A busca pelo livro atingiu seu pico no Google entre 15 e 21 de janeiro, menos de uma semana depois de Sergio Rial divulgar um rombo bilionário e renunciar à presidência da Americanas.
A publicação promete ensinar, em 78 etapas, empresários a reduzir custos, aumentar vendas e melhorar "drasticamente" os resultados das empresas em apenas seis meses.
"'Dobre seus Lucros' é o livro perfeito. Baseado nos resultados obtidos em empresas incluídas na lista das 500 maiores feita pela revista Fortune, Bob Fifer mostra como maximizar seus lucros em etapas fáceis de aplicar", diz a editora em seu site.
Economista formado pela Harvard College, consultor e gerente de treinamento empresarial, Bob Fifer escreveu o livro em 1993, e a obra logo se tornou um best-seller. De acordo com a revista Fortune, Jack Welch (1935-2020), ex-CEO da General Electric, chegou a comprar 125 cópias do livro para distribuir para os principais gerentes da empresa.
Segundo a revista Exame, a quem a editora atribui a informação de que o livro é um dos favoritos de Telles, o acionista da Americanas "costuma reler a obra a cada dois anos".

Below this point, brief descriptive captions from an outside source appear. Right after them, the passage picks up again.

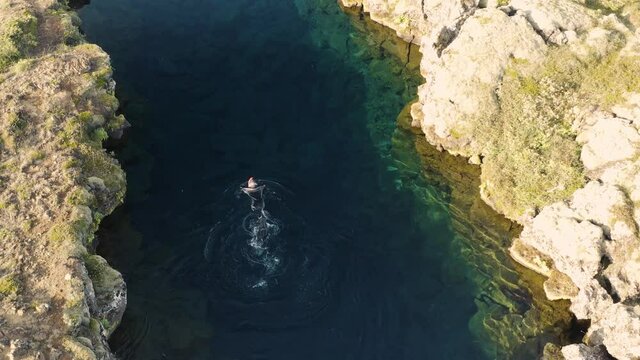 Aerial: Snorkeler swimming in Silfra popular diving / snorkeling fissure in Iceland between Eurasian and North American tectonic plates Thingvellir national park Phenomenal water clarity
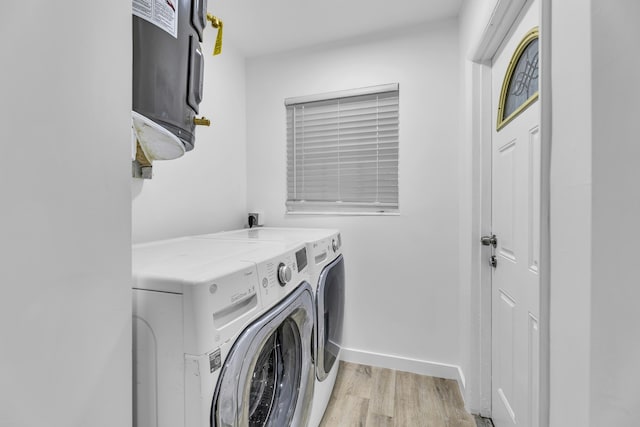 clothes washing area with laundry area, light wood-style flooring, baseboards, and independent washer and dryer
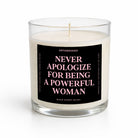 A clear glass jar candle with white wax and a black label featuring pink text that reads 'NEVER APOLOGIZE FOR BEING A POWERFUL WOMAN' by Untamedogo.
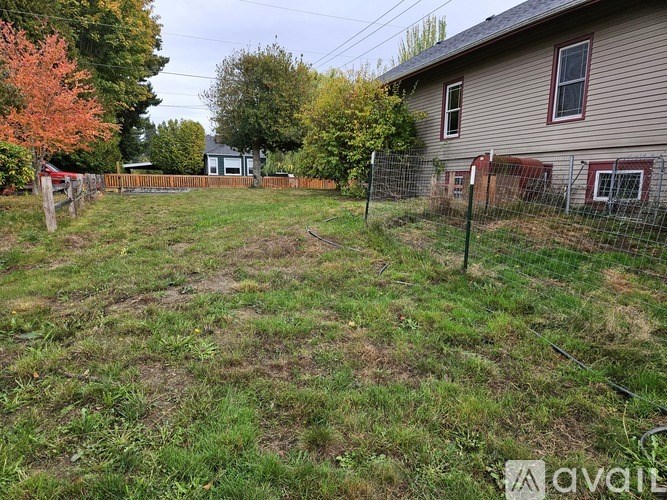 A backyard with a fence and a house in the background.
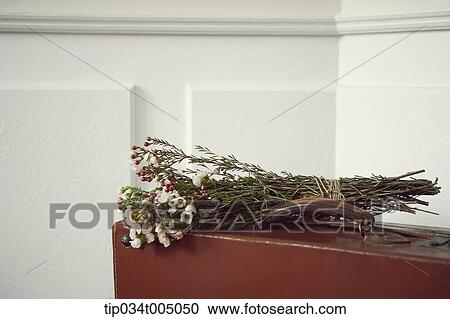 a flower bundle on brown suit case View Large Photo Image Stock Image - a flower bundle on brown suit case. Fotosearch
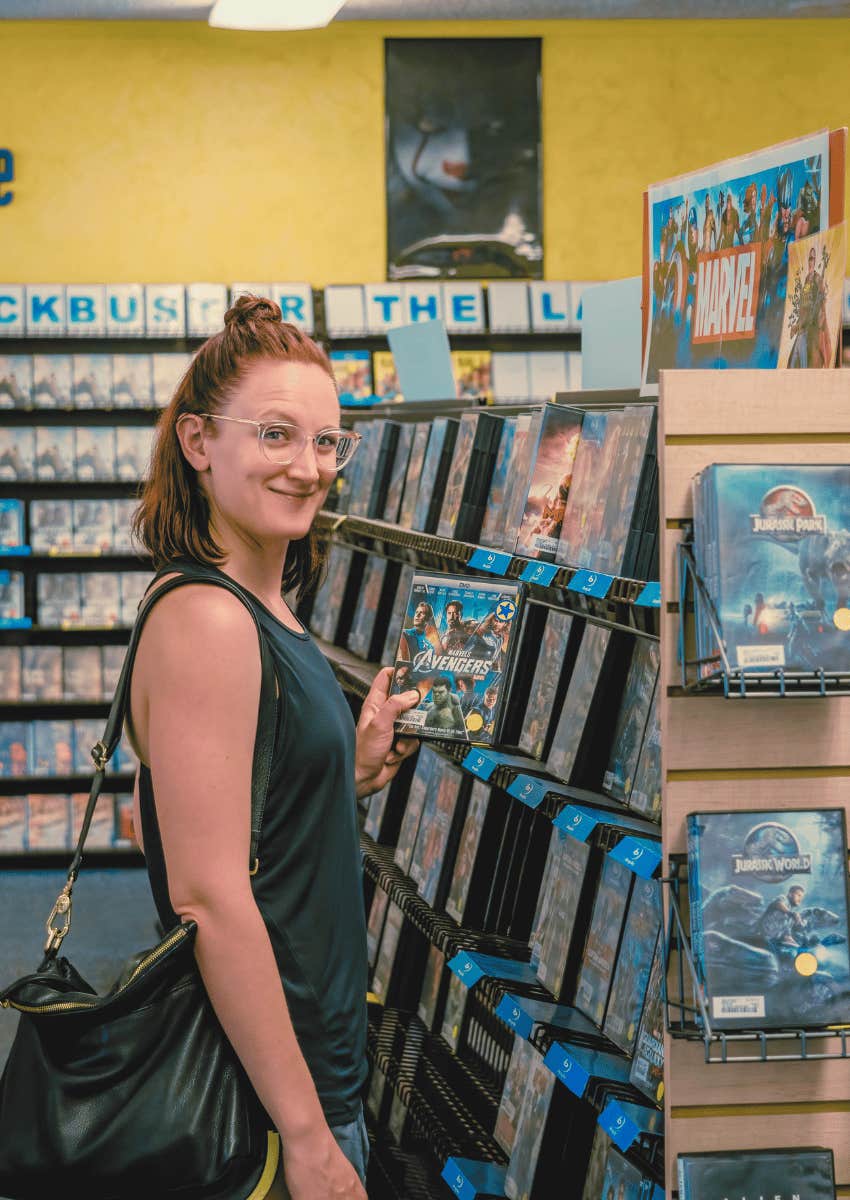 woman hold up movie rental
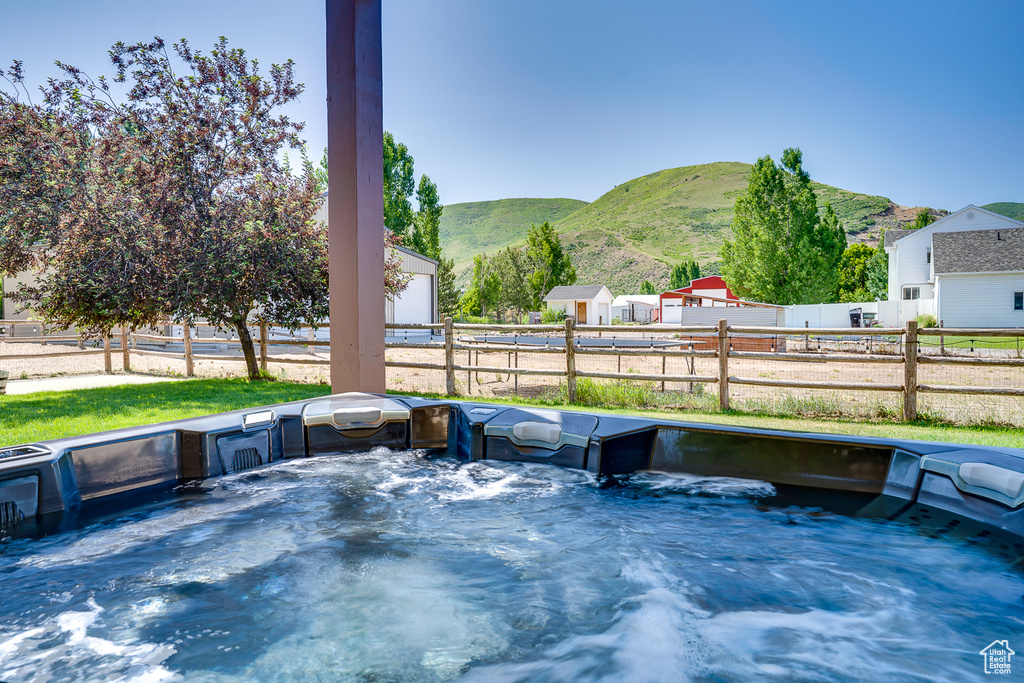 View of patio / terrace with a hot tub and a mountain view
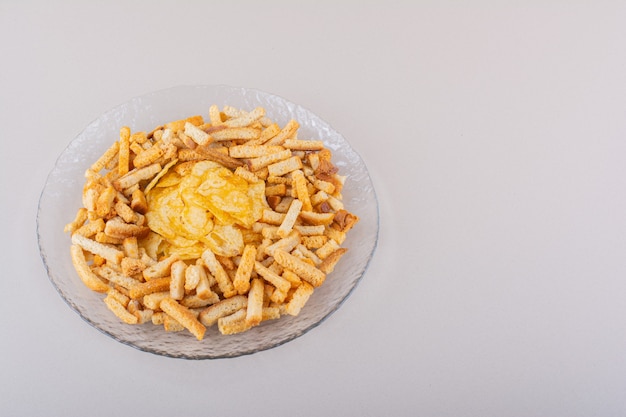 Teller mit leckeren knusprigen Crackern und Chips auf weißem Hintergrund. Foto in hoher Qualität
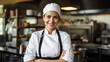 © Xyeppup - Smiling female chef in uniform, bright natural light, close-up, professional kitchen setting.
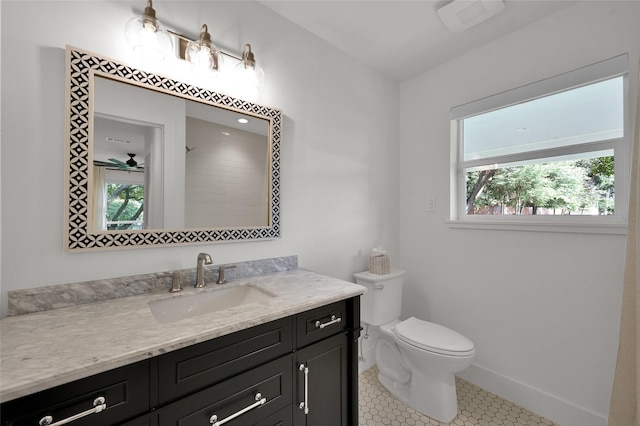 full bathroom featuring ceiling fan, tile patterned flooring, toilet, vanity, and baseboards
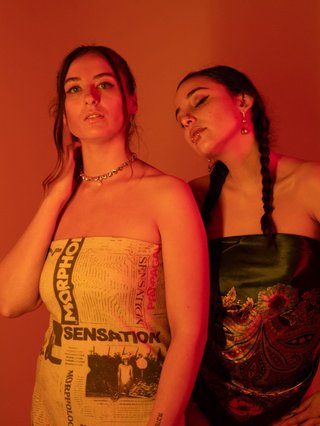 Naomi Robinson and Poli Pearl of Western Australian born band Special Feelings stand side by side under dim red lighting wearing strapless tops looking away from the camera.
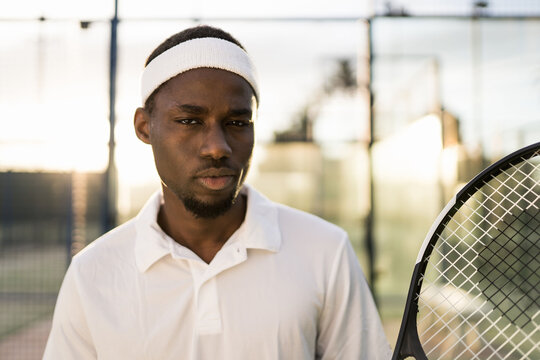 Black tennis player with tennis racket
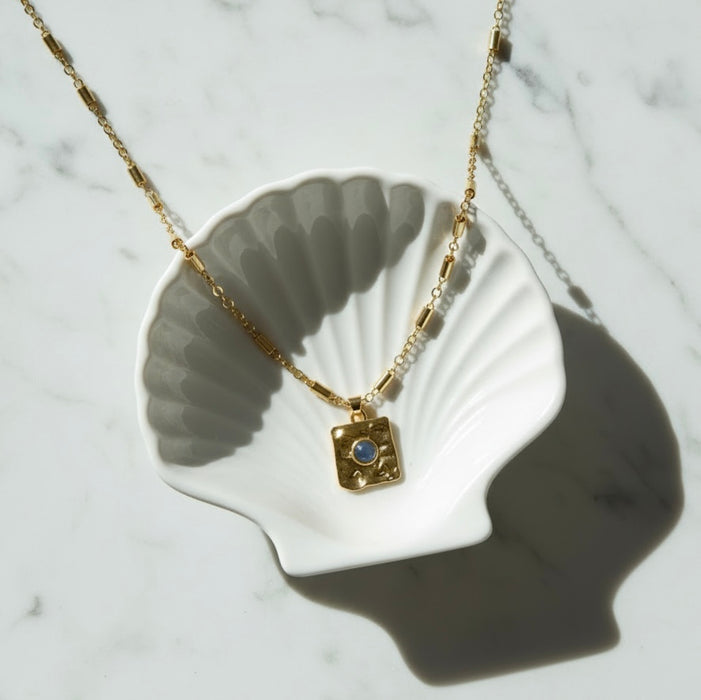 Gold necklace with a blue gemstone pendant on a white shell against a marble background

Atualmente, a varejista de Telles e seus sócios trava uma batalha judicial com os credores. Os bancos têm tentado bloquear recursos da Americanas e obter informações que apontem responsabilidades sobre o rombo.
Ainda não se sabe exatamente como a Americanas perdeu bilhões de reais. Nem mesmo as operações conhecidas como "risco sacado", que foram a origem do problema, estão esclarecidas.
O risco sacado é uma linha de crédito que faz uma triangulação entre a empresa, seus fornecedores e os bancos. Ao recorrer à operação, a companhia pede ao banco que realize o pagamento de uma compra com o fornecedor. Assim, o banco quita o contrato em nome da companhia, que passa a dever para o banco com a cobrança de juros. Essas operações não foram, porém, registradas devidamente nos balanços contábeis da empresa.